I've thought about this idea and it's interesting... one thing I'm sure of, is that the logic rate should never be less than the display rate. If this happens, eventually you end up drawing the screen with no logic runs in between, which results in an uneven display. Your example uses 60 - my refresh rate is 75 Hz so this would be happening for me. I noticed the scrolling seemed to be jittering side to side constantly, maybe that's a side effect of that.
Next problem is that you might get uneven logic runs - alternating 1 and 2 logic runs per display means you'd move twice as far in one display than the next - but I guess we can live with that, since everything is pixel perfect precision. V-synced display is not perfect in windowed mode - it's much more reliable in fullscreen - so V-synced windowed games tend to 'drop' a frame (ie. miss a V-sync) every now and then. This could explain the logic running a lot to catch up when the next tick runs.

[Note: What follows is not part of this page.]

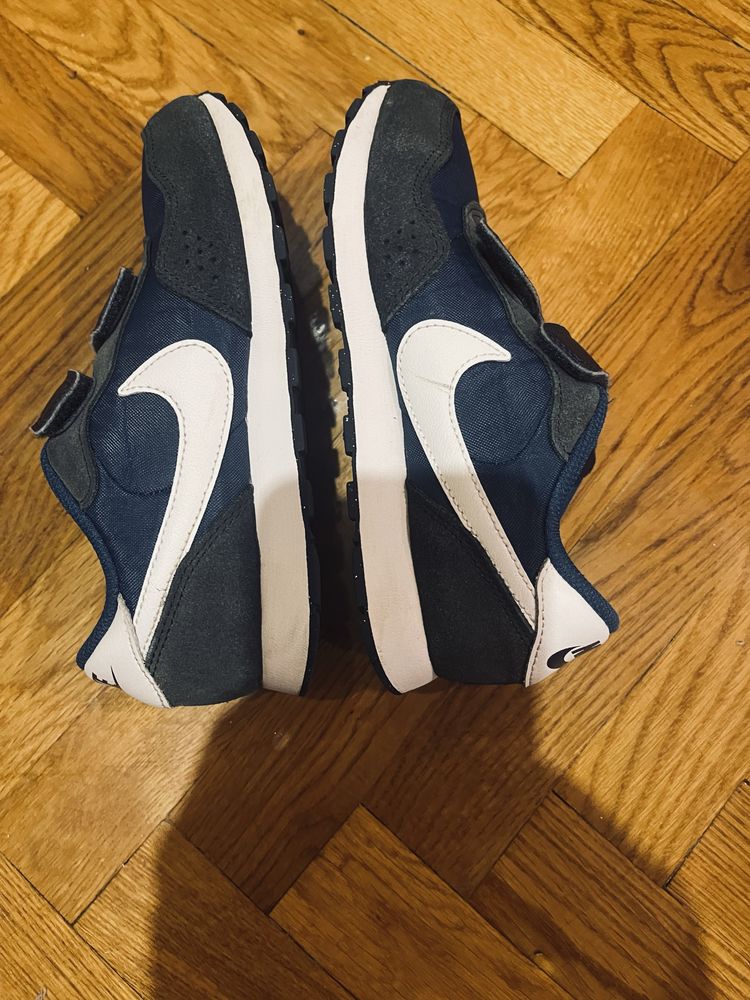 Кроссовки Nike размер 33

So it's a nice way to go about coding things - the only catch is if this is to be built in to the runtime, it can't distinguish movement code so would have to run the entire event list every logic execution. This might be OK I guess, but it might also use a lot of unecessary CPU. I would prefer to avoid using a trigger like 'On logic execution', because it won't integrate nicely with other features (ie. in theory it should be able to easily switch between a timedelta'd platform engine to a fixed rate logic platform engine without recoding the whole thing). If a 'fixed rate logic' mode was enabled, combined with 'override timedelta' (so timedelta is constant), this would achieve a similar thing, but at the expense of running the entire event list.
Your engine looks pretty good at the moment - you might find it more convenient to simply put all the movement code as a subevent to a single trigger (saves repeating the condition all the time). Also, the Function object does what you're trying to do with fastloops (a one-run fastloop is effectively a function). And as mentioned, you probably want to boost this to at least 120fps logic.
So really for a pixel-perfect engine which is as efficient as possible, you've hit on the right way to do it already! It can be done entirely with events. Do you think it should still be a built in feature, at the expense of running the entire event list?